=== Begin Enclosure ===
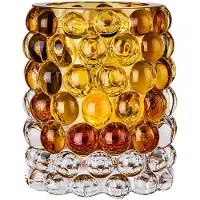 Skogsberg & Smart - Hurricane Lamp Boule Amber - Kynttilänjalat ja lyhdyt - Magnus Skogsberg,Mimmi Smart - Oranssi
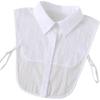 Fake Collar Women'S Pointed Neck Jacquard Round Neck Fungus Edge Lady'S Collar Shirt Stand-Up Collar Cotton White B507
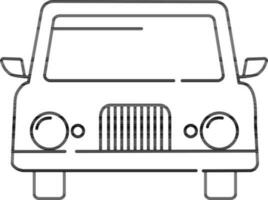 Front view illustration of a Car. vector
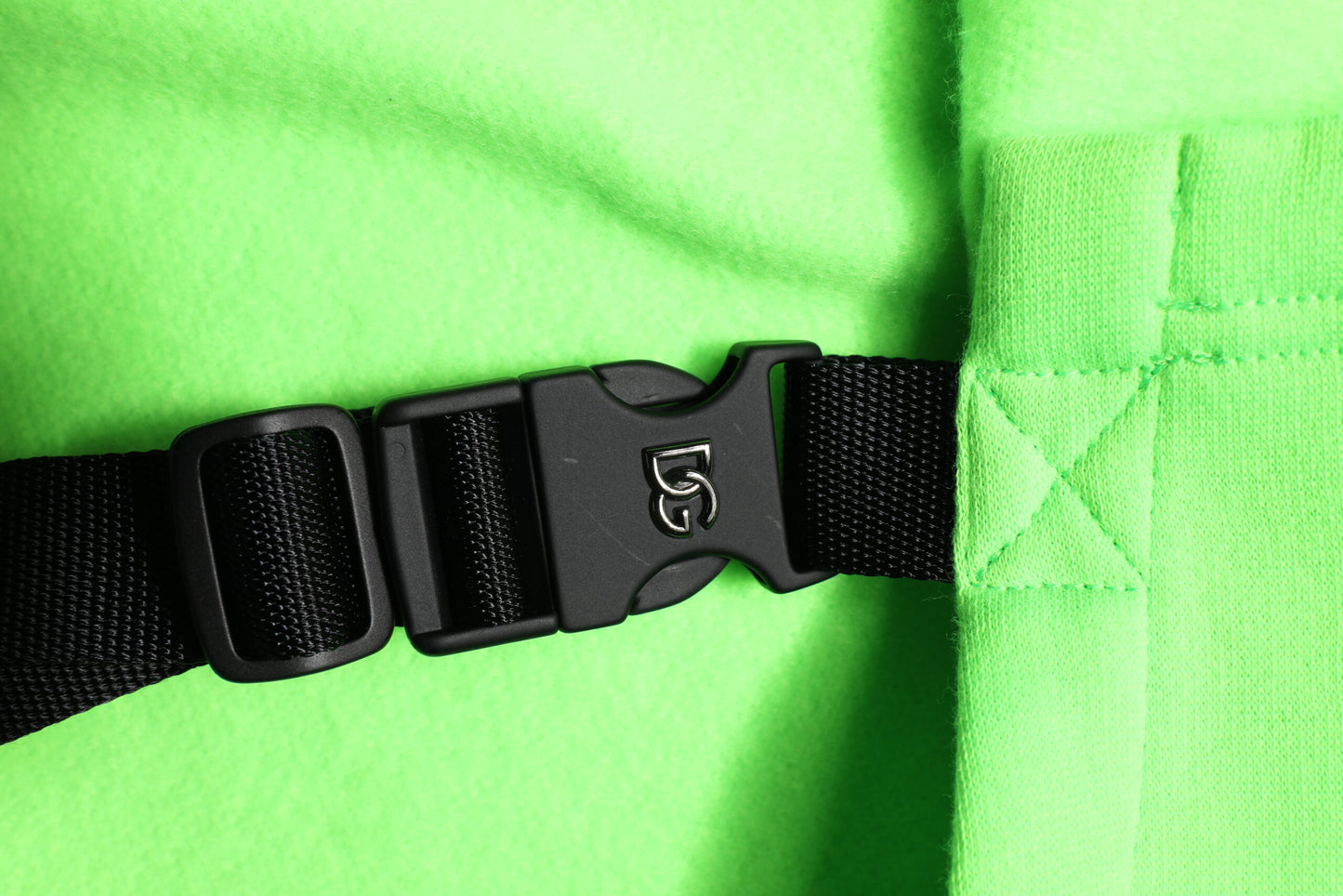 Dolce &amp; Gabbana Grüner Polyester-Sportwestenpullover mit Kapuze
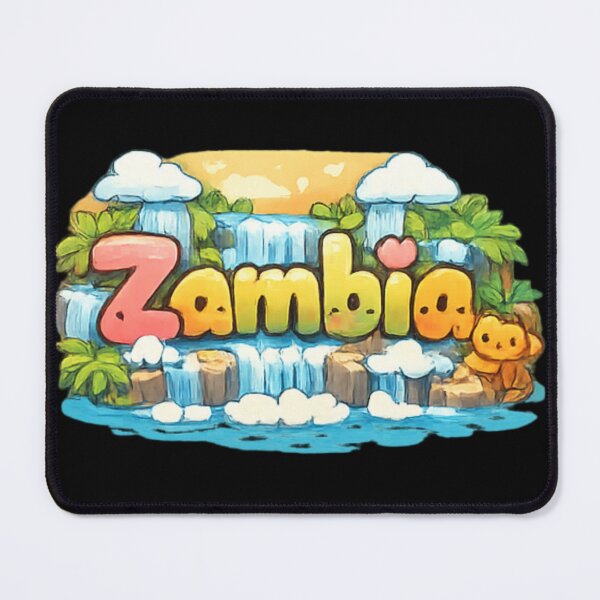Item preview, Cute Zambia - Victoria Falls designed and sold by DamioPolArt.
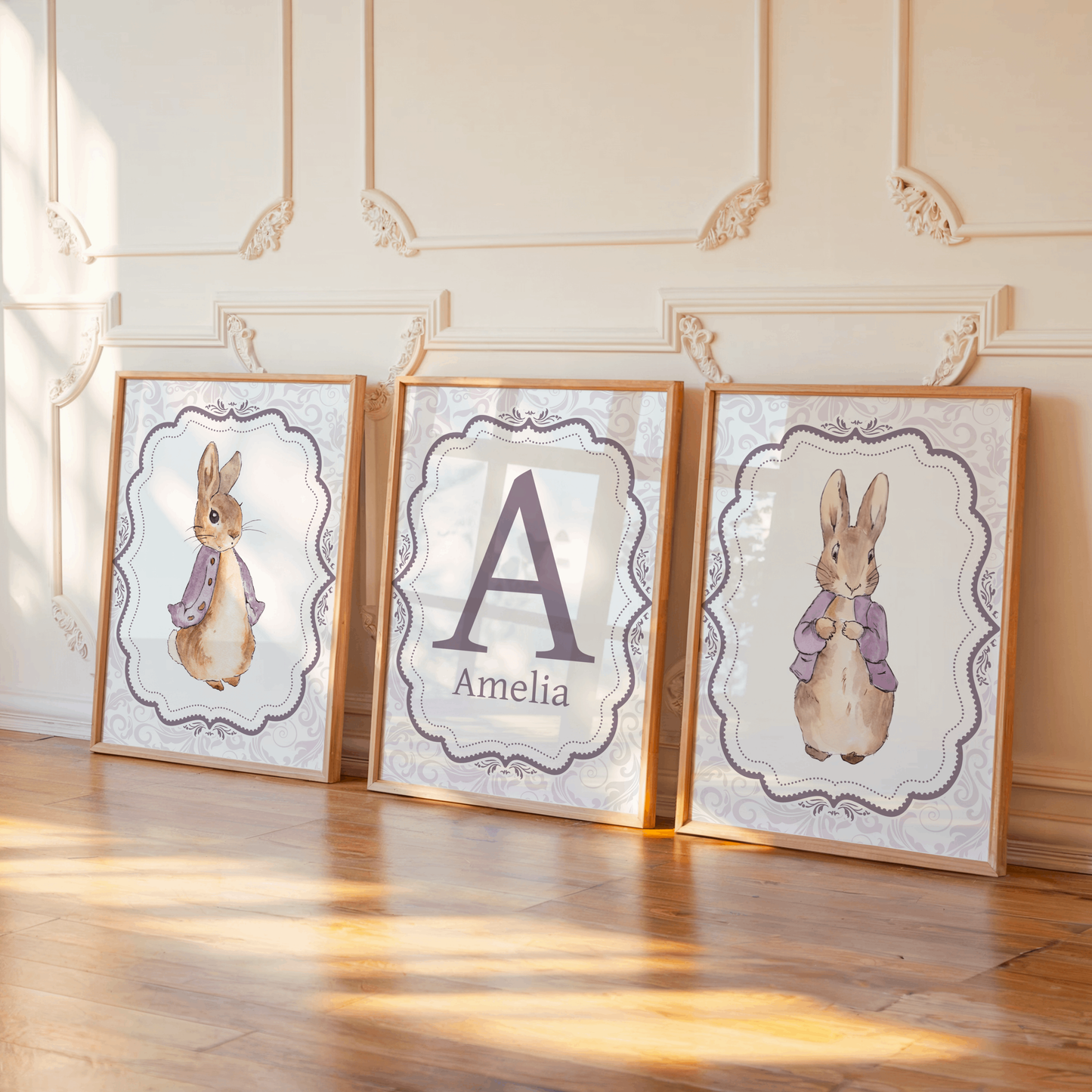 3x Peter Rabbit Vintage Nursery Prints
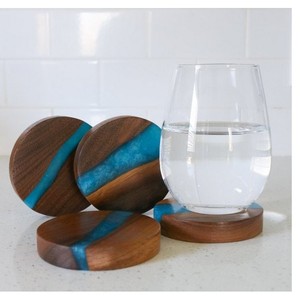 DIFFERENT DESIGN NEW WOODEN <b>and</b> ROUND CAOSTER <b>SET</b> Manufacturer Wooden <b>coaster</b> <b>Set</b> Natural Round Cup Mat Wood <b>Coasters</b> - Product Image 2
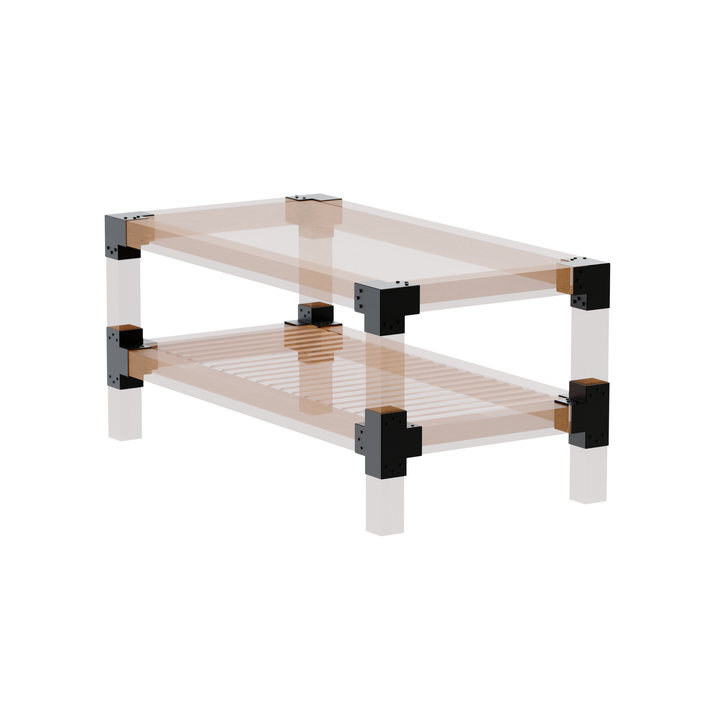 DIY Two-Tier Table Frame Kit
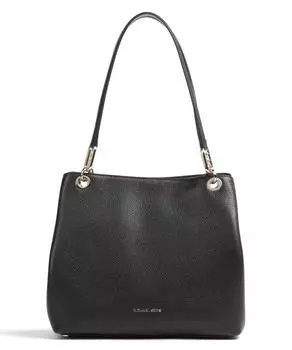 Сумка-ведро Kensington из зерненой коровьей кожи Michael Kors, черный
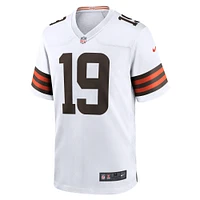 Men's Nike Bernie Kosar White Cleveland Browns Retired Player Game Jersey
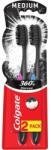 Colgate Periuță de dinți, Colgate 360, Black Medium, set 2 bucăți
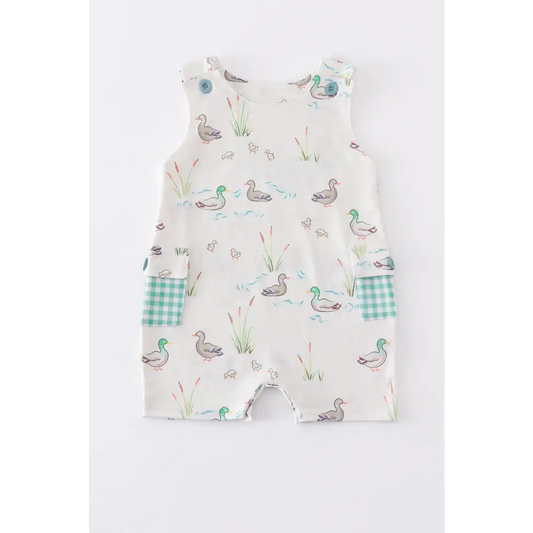 Duck print pocket boy jonjon - baby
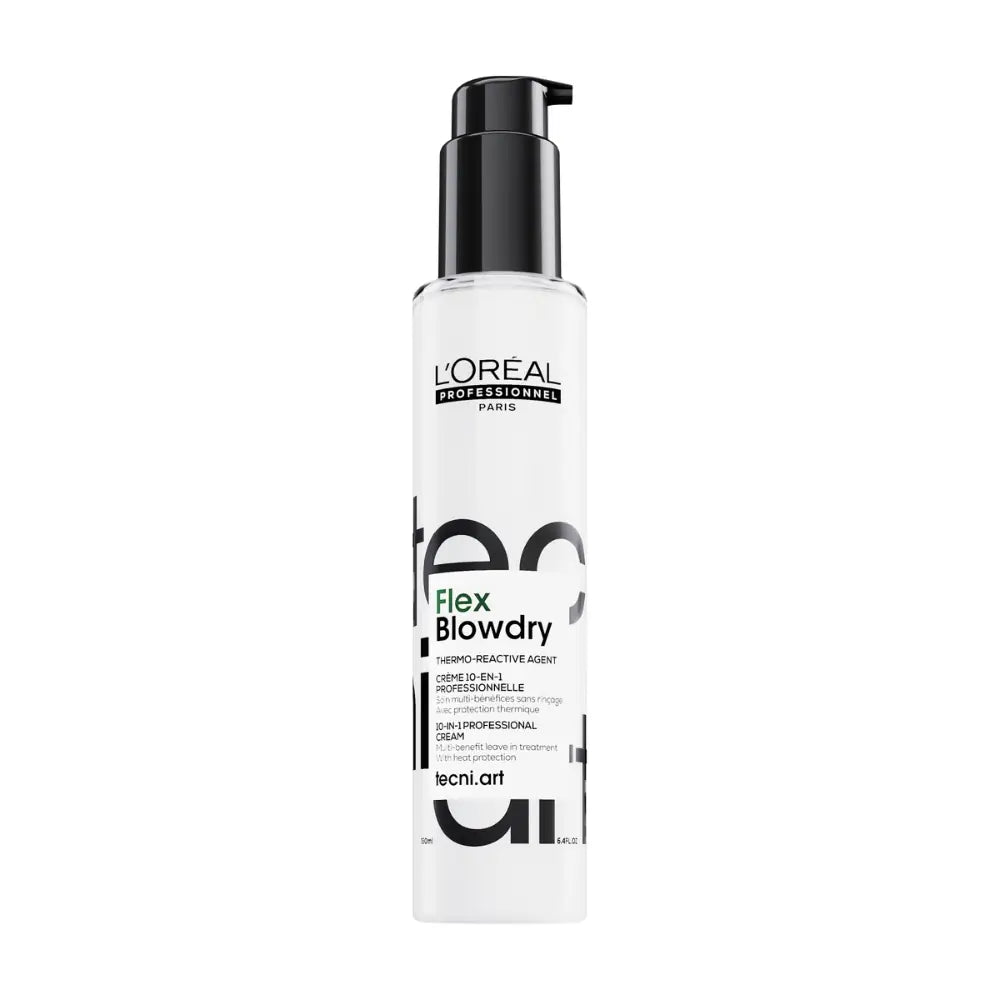 Hair styling cream bottle with pump, L'Oreal Tecni.Art Flex Blowdry, 150ml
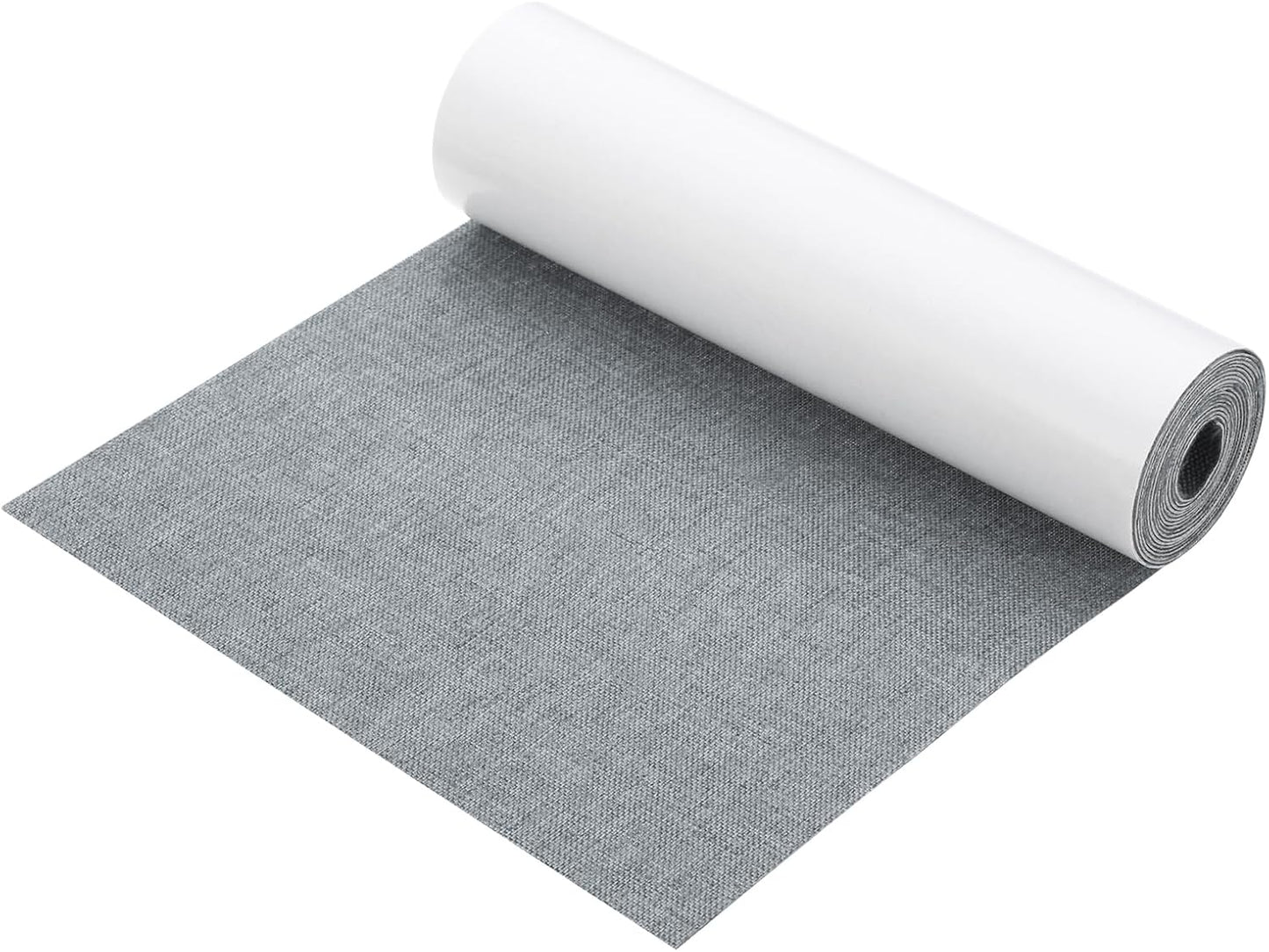 PATIKIL 70x6.2 Inch Linen Repair Tape, Repair Fabric Patch Self Adhesive Couch Patch Line Repair Patch for Furniture Sofa Car Seats Office Chairs, Dark Gray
=== End Enclosure ===
> _What you need to do_: Your copy should hold exactly the lines from the line bearing "DIY Two-Tier Table Frame Kit" through the end of the data, both included, and no pictures or anything further.

> _Worked solution_:
 DIY Two-Tier Table Frame Kit
 Сумка-ведро Kensington из зерненой коровьей кожи Michael Kors, черный
 Men's Nike Bernie Kosar White Cleveland Browns Retired Player Game Jersey
 Colgate Periuță de dinți, Colgate 360, Black Medium, set 2 bucăți
 Duck print pocket boy jonjon - baby
 Hair styling cream bottle with pump, L'Oreal Tecni.Art Flex Blowdry, 150ml
 PATIKIL 70x6.2 Inch Linen Repair Tape, Repair Fabric Patch Self Adhesive Couch Patch Line Repair Patch for Furniture Sofa Car Seats Office Chairs, Dark Gray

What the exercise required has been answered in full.